The gases from a blank round DO force something down the tube. They are pushing on the gas that is already present and which has to be forced out of the barrel for the new gas to take its place. The gas resists being moved a LOT less than a bullet, and blank cartridges use less propellant, so the “bang” isn’t nearly as loud.
Also, you mentioned firing M16’s. In order to properly operate when firing blanks, the M16 requires a BFA (Blank Firing Adapter) over the flash hider. This also helps to deaden the percieved sound.
The weapons that you mentioned as being louder than a weapon with a standard-length bbl are generally because of the addition of a muzzle brake. These divert some of the pressure and sound out the sides and to the rear of the bbl’s muzzle, so the percieved sound is MUCH louder for anyone not standing downrange of the weapon.
I can personally vouch for this, as someone who has taken a blank round to the side of the head at close range whilst on manoeuvres many years ago. Blanks push out an awful lot of hot gas (and the one that got me had 2 feet of muzzle flash as well), and although the propellant is less than a live round, it is more than enough to kill you if it goes off directly at your head. Fortunately, it was tangential not straight at me, or I wouldn’t be typing this now.
The best explanation I ever heard about silencers (some repeats here) was in the New Scientist The Last Word
Afraid I have to disagree with your explanation, Boris B. Unconfined burning powder makes litle noise, as you can verify by igniting a small heap of it (be careful of those eyebrows, now!) You get a sort of roaring “whoosh!” but nothing like the report of a gun.

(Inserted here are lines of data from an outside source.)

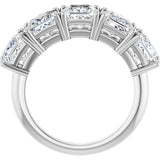 Platinum Square Lab-Grown Diamond Five-Stone Anniversary Band - 5x5mm Stones - view 2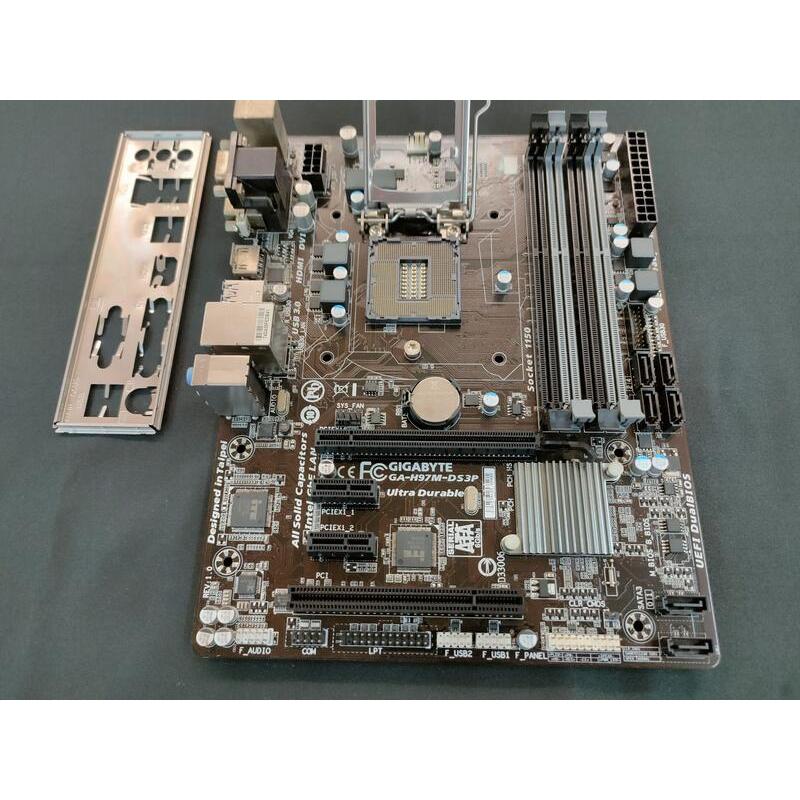 技嘉 GIGABYTE H97M DS3P H97 晶片 HDMI LGA 1150 M-ATX 主機板 | 蝦皮購物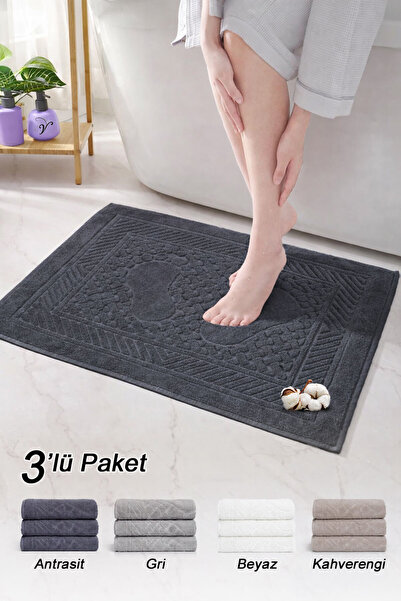 Vionel Home Pamuk komad ručnika za noge | Paket od 3 | Set ručnika | Kupatils...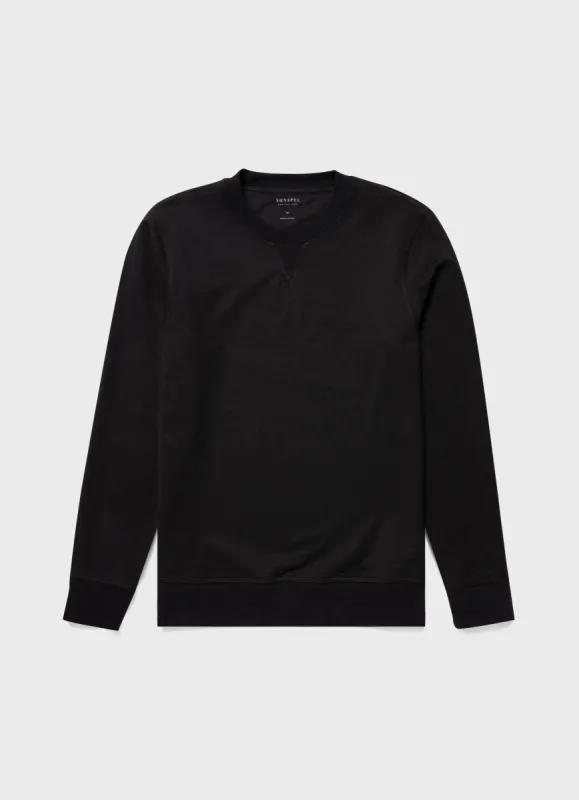 Men's DriRelease Active Sweatshirt in Black sold by Sunspel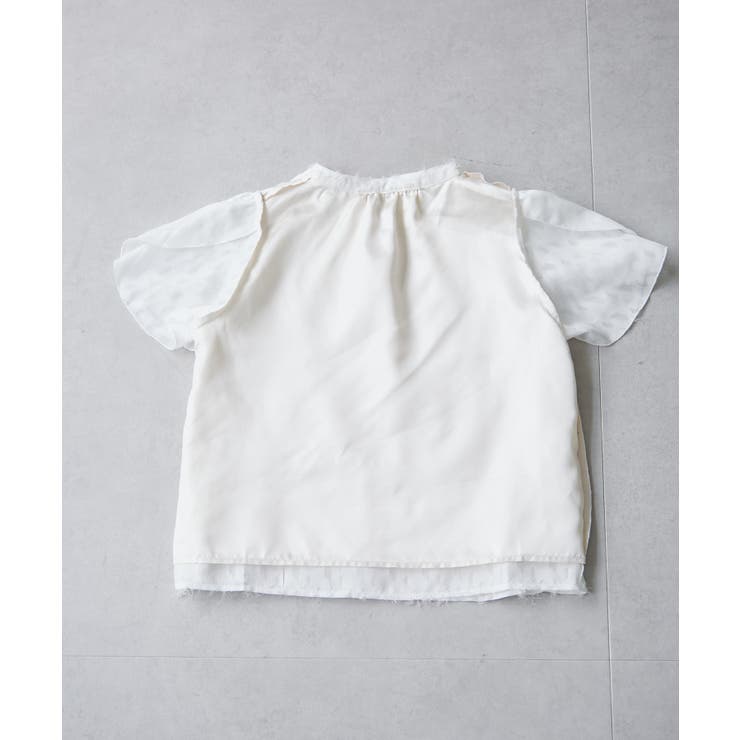 チューリップスリーブジャガードスキッパーブラウス | VIS  | 詳細画像22 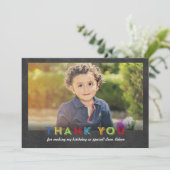 Carte Photo de Remerciement Amusante Tableau Noir (Debout devant)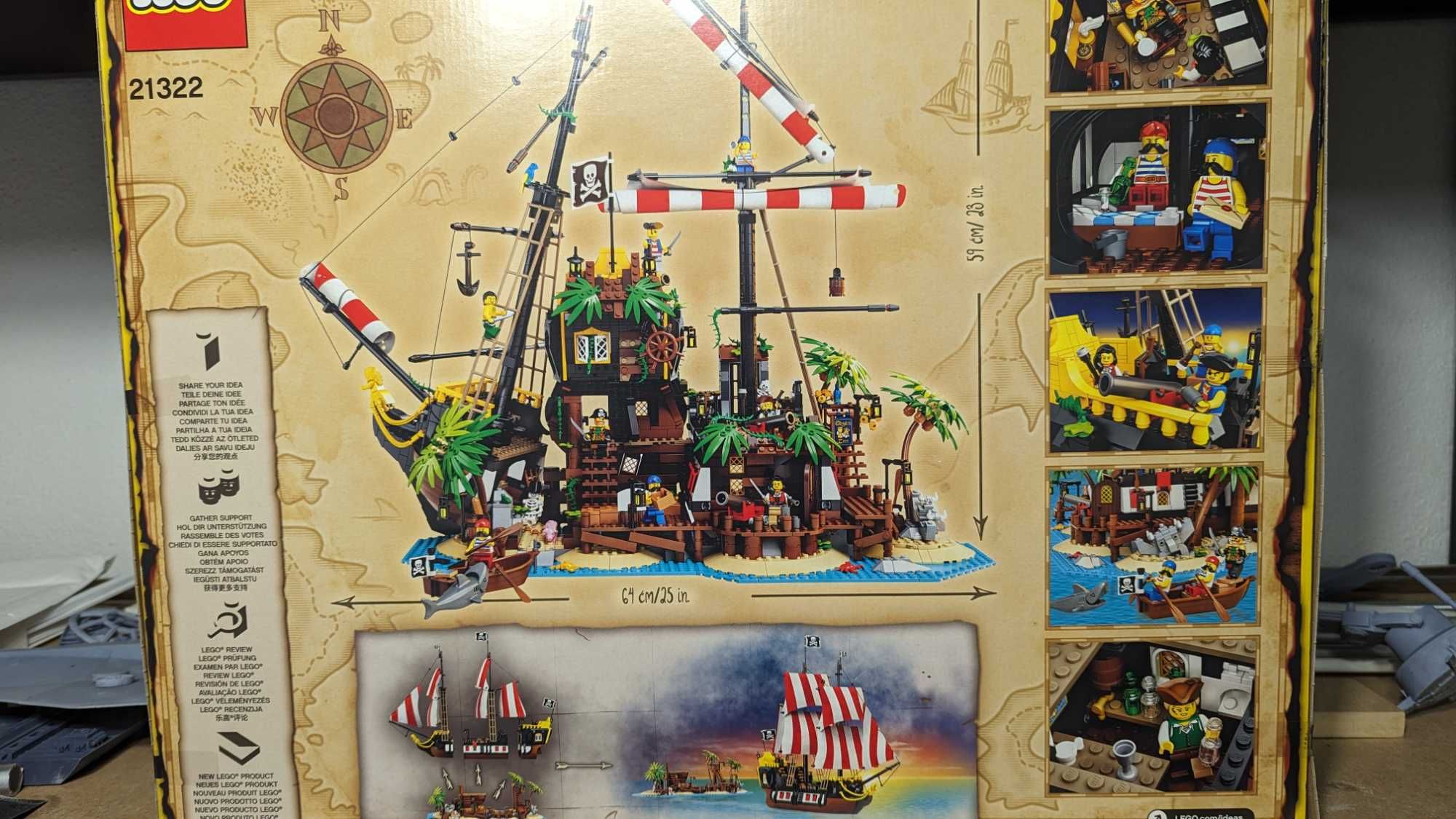 Lego 21322 IDEAS: Pirates of Barracuda Bay. Original, novo e selado.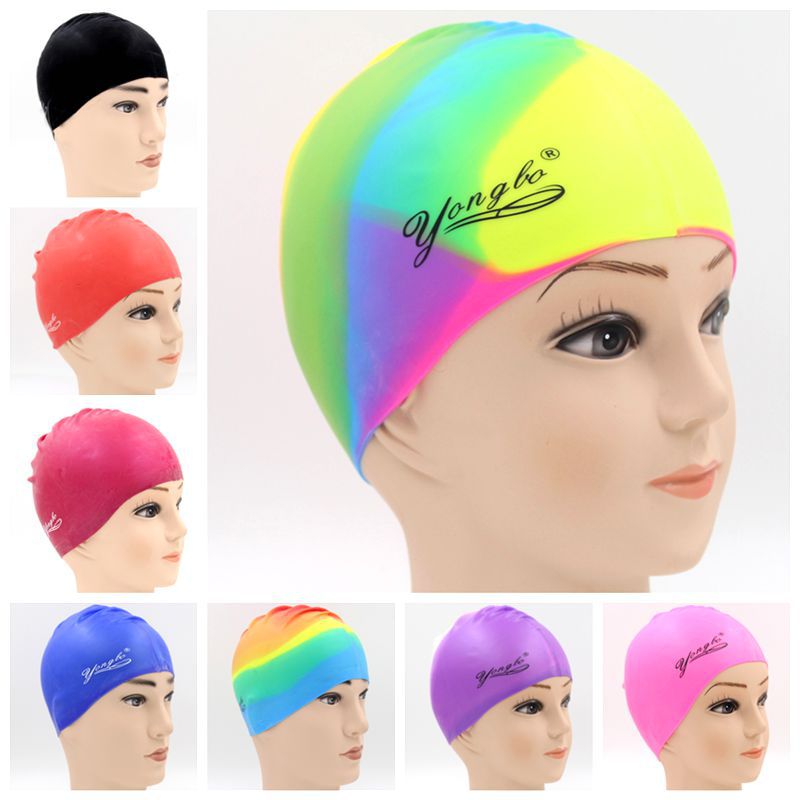 廠傢直銷，2015年新款彩色遊泳帽男式女士加大矽膠帽量大優惠批發工廠,批發,進口,代購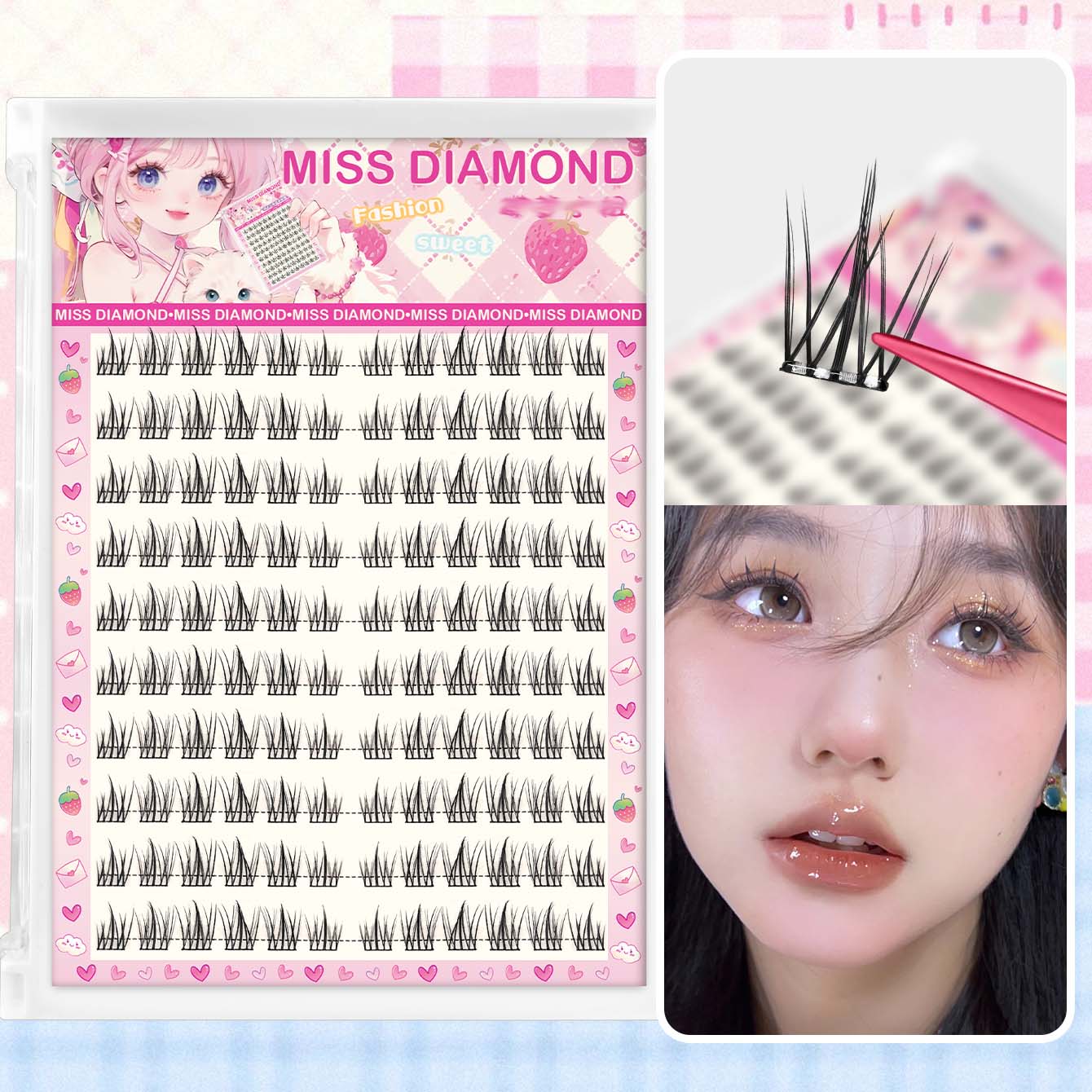 10 Baris Bulu Mata Palsu Tanpa - Eyelash Extension C Curl ulasan dan harga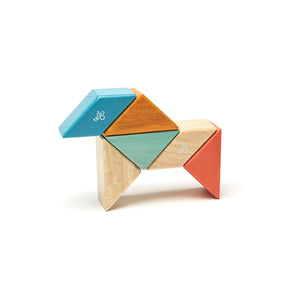 Magnetic Wooden Blocks, Pocket Pouch Sunset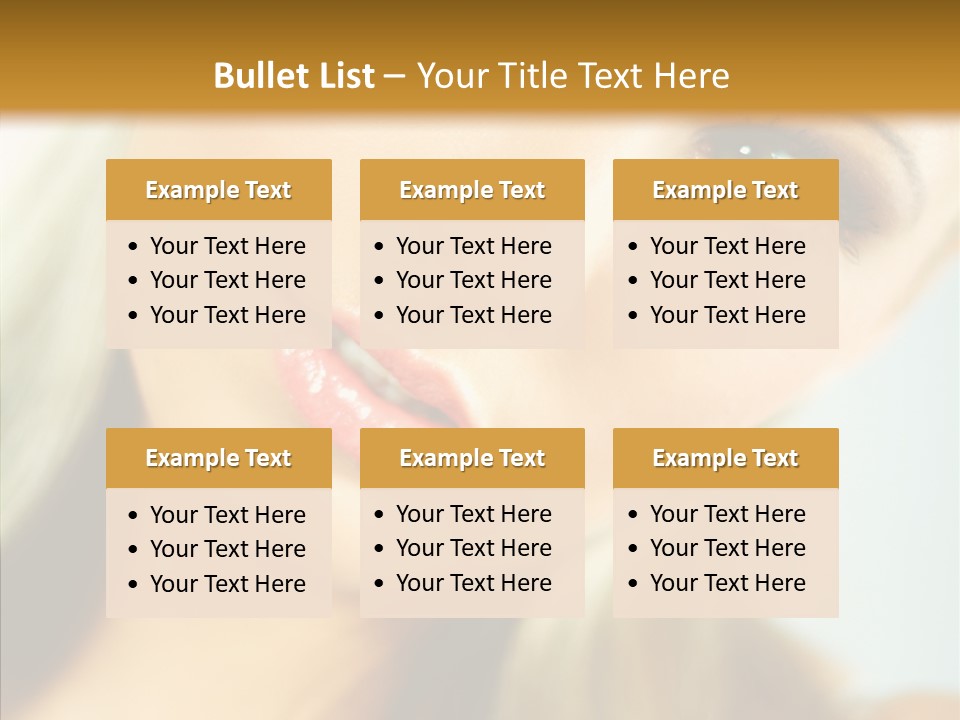 Tan Makeup Cute PowerPoint Template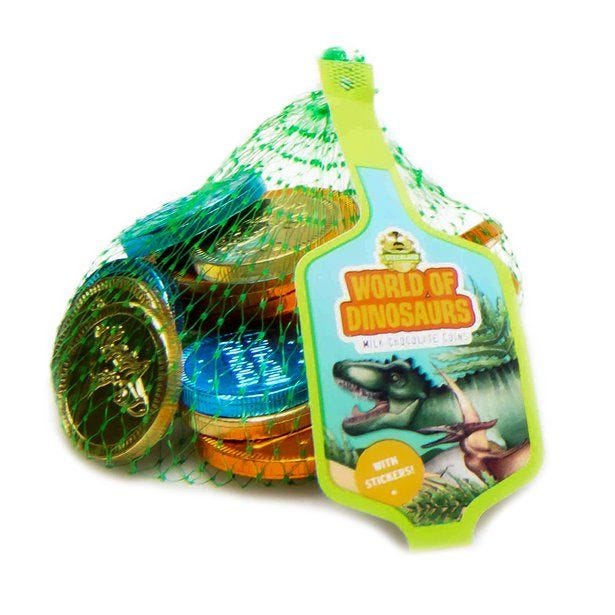 Dinosaur Chocolate Coins - 50g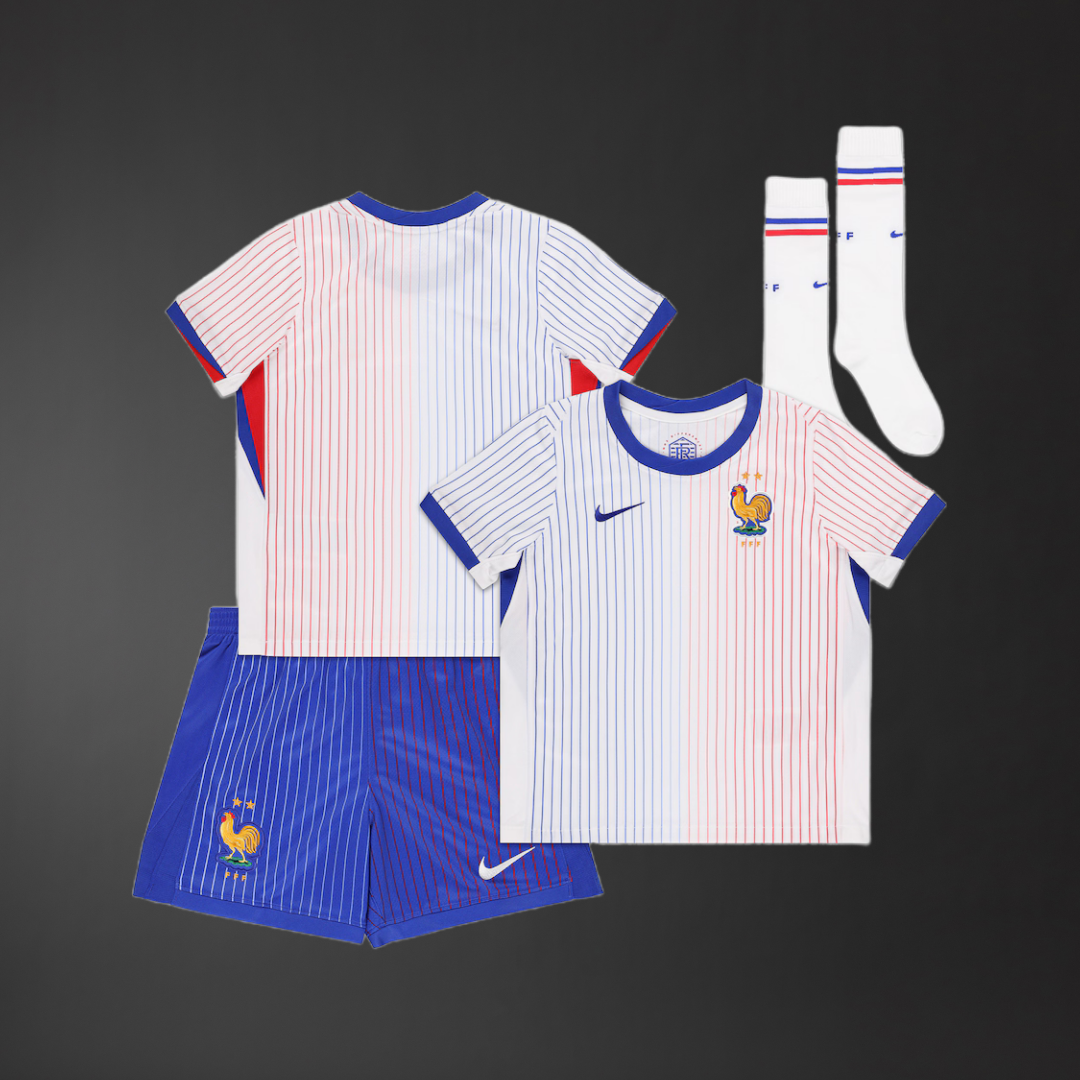 France 2025 Away Full kids kit Jersey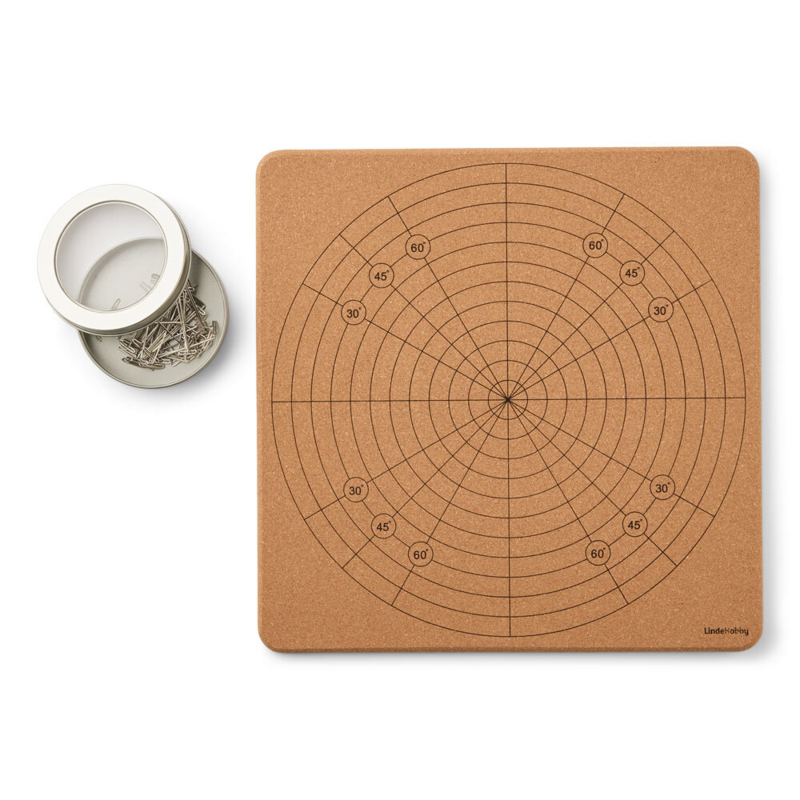 LindeHobby Tappetino per Bloccare, Sughero, 30x30 cm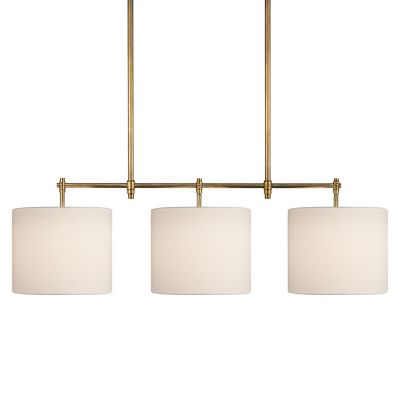 Bryant Linear Suspension(Antique Brass|Linen|36 In)-OPEN BOX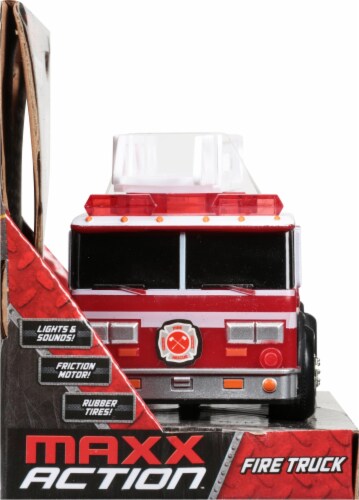 Maxx Action Rescue Fire Truck Perspective: left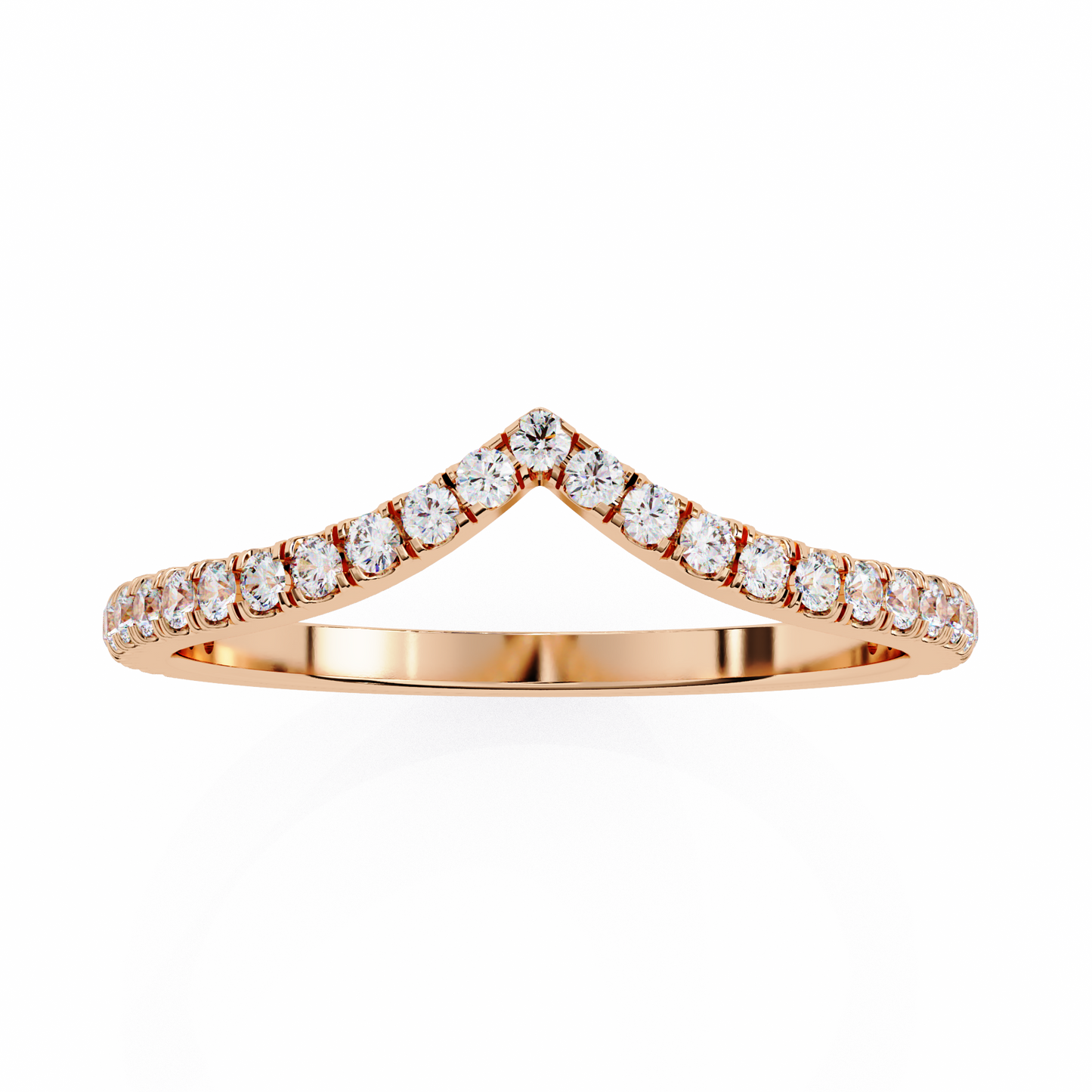 14K White Gold Lab Grown Diamond Band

The main source of noise is the sudden release of high pressure when the bullet exits the barrel and allows the propellant gas to escape. Same as bursting a balloon, or doing that thing with dry ice in a plastic bottle.
In a firearm, the maximum pressure is reached almost instantaneously and then falls as the bullet travels down the barrel. That’s why shorter barrels give louder reports - the pressure is higher when the bullet leaves the barrel.
The simplest silencer is just an expansion chamber, like the infamous “soda bottle taped onto a .22”. The released propellant gas expands into the bottle, losing much of its pressure before it can expand freely in the air and make a loud report. Other silencer designs use wire wool to rapidly cool the gas (antiquated, dangerous), a sequence of baffles to control the expansion further (most common design - see the link I posted above) and sometimes contain water or grease to cool the gas by vapourisation (“wet” silencers, rare, reputedly very effective.)
Yeah, I know about blank adapters…unfortunately, they still don’t build up enough pressure to eject the round successfully about 20% of the time. :mad: Thanks for the responses everyone…sounds good to me.
The BFA allows the gas to escape to the atmosphere, but across an area SMALLER than that of the barrel alone, so the retort would be LOUDER for the same amount of powder. The BFA merely diverts a higher percentage of the gas back through the gas tube to cycle the bolt back, since the round usually provides that blockage, however brief. Try it next time you blow caps, fire with and without the BFA, but do not point it at bwanasimba.
And it’s a flash suppressor. A flash hider is a long trenchcoat. Trust me on this one.